Tuesday, February 4, 2014

The Genius/Madness Continuum

The death of Phillip Seymour Hoffman at 46 has been on my mind since I heard the news this last Sunday. I, of course, didn't know this man. But he has spent many hours entertaining me. I don't remember the first time I noticed him. Perhaps that is because he could completely disappear into a role.
My mom and I were talking about his death as football watching was happening in the other room. She said that she couldn't understand why someone so brilliant and talented would participate in something so self-destructive.

I can understand. I understand completely. Sometimes, all you want is to quiet your brain.

I have found anecdotal evidence to support a theory I have: The smarter the person,the more powerful the brain, the more gifted the individual, the more likely that person will seek things to quiet themselves.
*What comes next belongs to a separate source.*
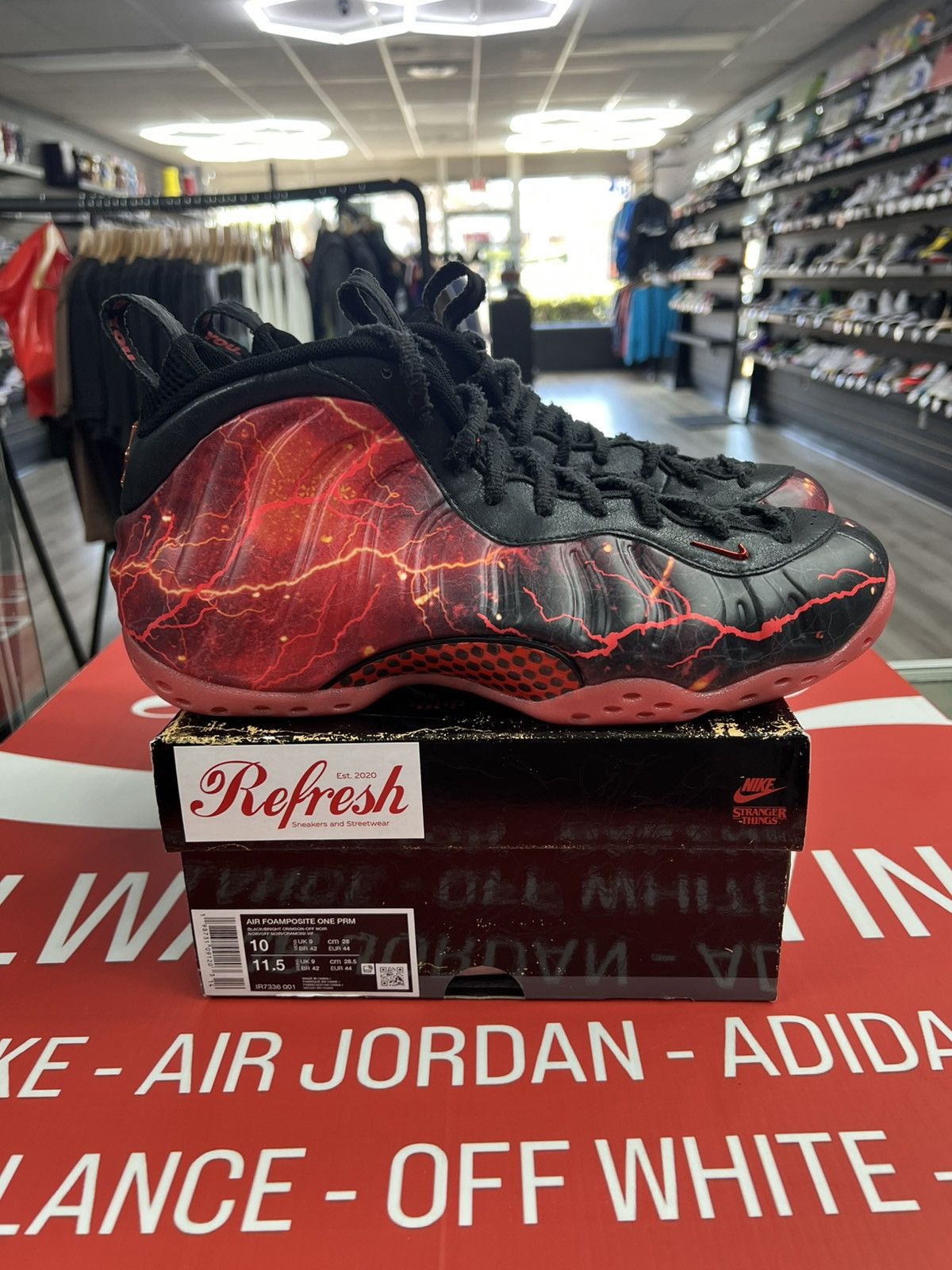 Nike Nike Air Foamposite One Stanger Things Size 10 Size US 10 / EU 43 - 1 Thumbnail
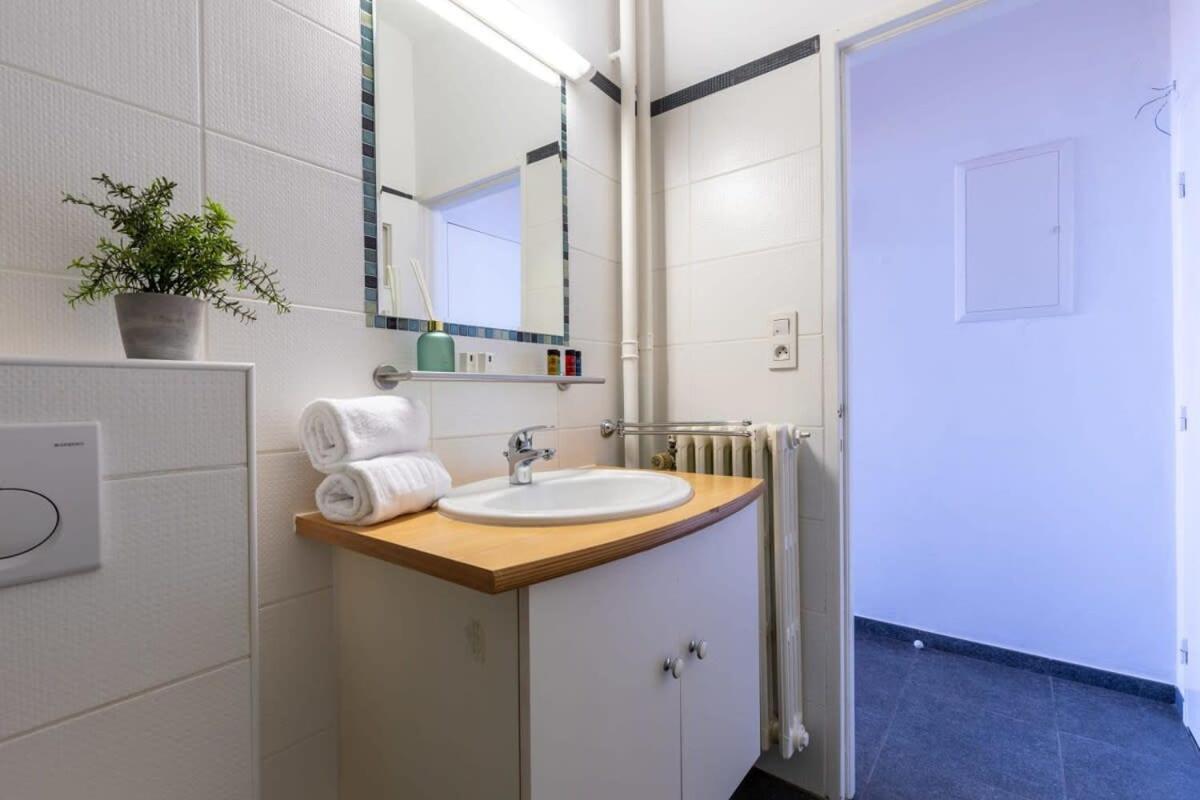 Huswell - Beautiful Spacious Studio With Frontal Sea View Knokke-Heist Dış mekan fotoğraf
And I think the x-factor--the thing that cannot be measured by IQ points--is the level of a person's creativity.
Numerous studies support my observation. There are real and measurable correlations between people in creative occupations and people with mental illness. There is also substantial evidence of alcoholism and drug use happening at greater rates with more intelligent and creative population.

I can't tell you why this happens. But I can tell you that I completely understand the need to feel still. My brain is constantly spinning. I find that I can focus better when I am feeding myself with constant information. I have always done so. I did homework best in front of the TV. I will work with an audiobook playing in my ear. As I am writing this, I am listening to the Rachel Maddow podcast.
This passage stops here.